I’ve been looking at a blank white wall for several years with the intention of doing something about it. Now, I will. Personally, I think one should NEVER have blank white walls unless you are a renter and the landlord demands it, or there is so much visual activity in the space that the white wall is a resting place for the eye. When I drive up the West Side Highway at night, past the many high rises of “Trump City,” I am astonished that almost every apartment has white walls. They must all be rentals. I think there are possibly two apartments in that series of buildings where I can detect color on the walls—people who live dangerously! But in my house, my upstairs hallway, a space with a staircase, a window and seven doors, is entirely white — a blank canvas waiting to be transformed. I could just paint it an appealing color, but then the space would be dull. I’d like it to be a space worth slowing down in and staying a while.

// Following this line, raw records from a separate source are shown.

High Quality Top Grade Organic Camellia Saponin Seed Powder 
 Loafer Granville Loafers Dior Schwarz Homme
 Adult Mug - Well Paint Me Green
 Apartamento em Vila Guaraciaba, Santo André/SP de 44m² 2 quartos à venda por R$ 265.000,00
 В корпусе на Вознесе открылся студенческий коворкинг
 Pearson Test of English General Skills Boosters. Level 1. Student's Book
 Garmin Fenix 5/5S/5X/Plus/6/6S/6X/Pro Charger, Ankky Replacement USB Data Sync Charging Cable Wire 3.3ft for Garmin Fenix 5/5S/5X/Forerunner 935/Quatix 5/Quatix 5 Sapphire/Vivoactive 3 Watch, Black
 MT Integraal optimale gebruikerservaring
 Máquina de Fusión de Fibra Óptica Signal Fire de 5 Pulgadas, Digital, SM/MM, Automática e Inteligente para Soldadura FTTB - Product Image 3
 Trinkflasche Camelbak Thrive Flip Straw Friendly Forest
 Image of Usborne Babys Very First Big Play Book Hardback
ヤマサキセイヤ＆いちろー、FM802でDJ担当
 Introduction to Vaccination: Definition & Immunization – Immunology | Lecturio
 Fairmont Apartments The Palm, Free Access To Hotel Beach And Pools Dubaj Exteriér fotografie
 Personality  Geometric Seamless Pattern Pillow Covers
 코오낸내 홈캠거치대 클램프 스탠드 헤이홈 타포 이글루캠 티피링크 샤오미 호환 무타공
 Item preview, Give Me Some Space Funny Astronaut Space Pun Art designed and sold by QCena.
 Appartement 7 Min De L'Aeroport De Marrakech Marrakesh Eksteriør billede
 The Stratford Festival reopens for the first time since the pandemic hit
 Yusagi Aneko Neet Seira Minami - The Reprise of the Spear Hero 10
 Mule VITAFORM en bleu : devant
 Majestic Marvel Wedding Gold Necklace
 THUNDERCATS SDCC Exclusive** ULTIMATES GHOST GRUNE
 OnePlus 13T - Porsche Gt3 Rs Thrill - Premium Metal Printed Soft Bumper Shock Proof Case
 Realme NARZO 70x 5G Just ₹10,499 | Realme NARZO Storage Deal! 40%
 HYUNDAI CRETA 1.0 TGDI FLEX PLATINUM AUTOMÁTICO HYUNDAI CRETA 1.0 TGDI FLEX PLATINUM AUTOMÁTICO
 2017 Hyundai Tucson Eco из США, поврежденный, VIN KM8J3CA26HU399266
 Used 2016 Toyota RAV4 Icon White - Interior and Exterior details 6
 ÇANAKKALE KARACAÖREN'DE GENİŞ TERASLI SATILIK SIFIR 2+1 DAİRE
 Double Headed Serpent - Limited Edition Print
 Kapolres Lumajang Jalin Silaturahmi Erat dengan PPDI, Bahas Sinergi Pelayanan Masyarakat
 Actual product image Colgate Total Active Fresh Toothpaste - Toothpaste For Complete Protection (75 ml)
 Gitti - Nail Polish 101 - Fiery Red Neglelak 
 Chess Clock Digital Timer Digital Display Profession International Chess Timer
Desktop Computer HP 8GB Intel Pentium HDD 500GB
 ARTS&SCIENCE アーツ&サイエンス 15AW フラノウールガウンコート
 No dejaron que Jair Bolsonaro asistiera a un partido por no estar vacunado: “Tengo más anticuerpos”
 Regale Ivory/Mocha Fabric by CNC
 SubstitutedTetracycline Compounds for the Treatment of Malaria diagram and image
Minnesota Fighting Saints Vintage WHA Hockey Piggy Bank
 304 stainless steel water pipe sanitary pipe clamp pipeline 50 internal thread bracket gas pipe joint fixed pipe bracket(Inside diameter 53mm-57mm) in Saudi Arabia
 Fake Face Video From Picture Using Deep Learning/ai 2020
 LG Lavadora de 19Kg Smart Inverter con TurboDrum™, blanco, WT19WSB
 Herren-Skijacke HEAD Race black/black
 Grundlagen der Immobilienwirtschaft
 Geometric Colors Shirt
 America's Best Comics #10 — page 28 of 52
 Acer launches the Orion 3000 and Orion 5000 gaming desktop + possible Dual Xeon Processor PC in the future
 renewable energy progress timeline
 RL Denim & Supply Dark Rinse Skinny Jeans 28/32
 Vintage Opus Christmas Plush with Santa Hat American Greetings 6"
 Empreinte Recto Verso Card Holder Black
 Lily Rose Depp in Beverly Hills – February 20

So I will paint a mural. Because it’s the second floor, I want to work to create a view from a height—to create a landscape that the viewer looks down on. This means that the horizon line can be placed very high up on the wall. It also means there can be detail in the foreground, layers of landscape in the middle and a distant vista.
A beautiful example of this sort of image is Pieter Bruegel’s Hunters In The Snow, 1565. Bruegel takes the viewer into the space with the hunters and their dogs leading from the left. Our eyes bounce back and forth from the dark tones of the hunting group and the trees to the tiny figures on the frozen river (fishing, skating, curling, hockey!?). There is a sharp delineation of space when the foreground snows ends against the rooftops and trees below. There is so much detail in this image yet it all holds together as a composition. The overall tone is cool blue-grays and white with spots of orange warmth in the dogs, the building walls, the fire and — nice touch, the twigs in the center foreground. I love the detail of the dog’s spiral tail—I’m partial to spirals. There are multiple “stories” going on in this painting—the hunters, the fire tenders, the birds above, the skaters— it could be extremely busy, yet it all hangs together due to Bruegel’s sense of design.
Here is another example of high viewpoint-horizon landscape by James A. Jeffreys,
Boone and Grape Streets, Manayunk, 1938 (Collection of
Michael J. Ettner the author of a wonderful blog:
http://www.mikeettner.com). What a great hill for sledding! You can imagine the fun of taking that curve. Jeffrey’s contrasts curves with verticals, and the diagonals in the distance. The industrial world has slowed down for a snow day.
But I’m not planning on creating a wintry scene. I’m shooting for late spring/summer. My desire is to create a scene that is an homage to the Hudson Valley region. I dream of living in a modernist cube of a house in the woods, with walls of windows, looking out on the forest, and with a distant view of the river. Not that I don’t love where I live now!—a very walkable and lovely place... So I plan to incorporate the beautiful Hudson River and some other things I love about the region: the rock outcrops in the forest, the ferns, the wild wineberry, the old stone walls.